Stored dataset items
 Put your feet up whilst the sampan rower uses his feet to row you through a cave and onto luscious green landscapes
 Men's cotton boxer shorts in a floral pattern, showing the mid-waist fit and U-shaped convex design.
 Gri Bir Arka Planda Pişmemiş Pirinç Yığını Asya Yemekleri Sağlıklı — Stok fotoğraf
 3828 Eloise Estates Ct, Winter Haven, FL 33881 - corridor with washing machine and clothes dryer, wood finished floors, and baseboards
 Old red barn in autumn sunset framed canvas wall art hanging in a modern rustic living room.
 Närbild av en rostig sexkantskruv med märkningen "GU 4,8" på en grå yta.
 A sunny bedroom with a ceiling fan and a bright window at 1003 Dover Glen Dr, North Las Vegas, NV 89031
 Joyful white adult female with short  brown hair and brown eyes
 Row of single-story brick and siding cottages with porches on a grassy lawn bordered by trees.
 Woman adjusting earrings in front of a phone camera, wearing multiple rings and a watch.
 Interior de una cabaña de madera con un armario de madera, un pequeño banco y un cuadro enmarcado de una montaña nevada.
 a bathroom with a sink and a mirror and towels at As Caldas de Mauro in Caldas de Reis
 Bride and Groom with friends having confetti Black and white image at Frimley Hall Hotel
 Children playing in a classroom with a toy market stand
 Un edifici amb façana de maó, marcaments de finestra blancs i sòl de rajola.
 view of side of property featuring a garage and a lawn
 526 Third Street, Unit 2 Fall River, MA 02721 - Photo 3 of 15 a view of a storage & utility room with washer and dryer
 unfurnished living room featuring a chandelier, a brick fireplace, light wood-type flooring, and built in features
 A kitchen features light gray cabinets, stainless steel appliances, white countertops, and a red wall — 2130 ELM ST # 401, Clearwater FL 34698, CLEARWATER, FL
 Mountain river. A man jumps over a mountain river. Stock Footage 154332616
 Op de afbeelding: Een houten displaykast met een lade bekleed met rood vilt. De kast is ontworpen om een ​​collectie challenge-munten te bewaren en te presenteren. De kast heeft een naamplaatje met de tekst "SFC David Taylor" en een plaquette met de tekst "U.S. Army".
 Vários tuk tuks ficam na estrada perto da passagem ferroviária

• Your assignment: Print, from the entries above, the line with "unfurnished living room", the line with "Mountain river. A" and all lines between them, exactly and with nothing else.

• Exercise answer:
 unfurnished living room featuring a chandelier, a brick fireplace, light wood-type flooring, and built in features
 A kitchen features light gray cabinets, stainless steel appliances, white countertops, and a red wall — 2130 ELM ST # 401, Clearwater FL 34698, CLEARWATER, FL
 Mountain river. A man jumps over a mountain river. Stock Footage 154332616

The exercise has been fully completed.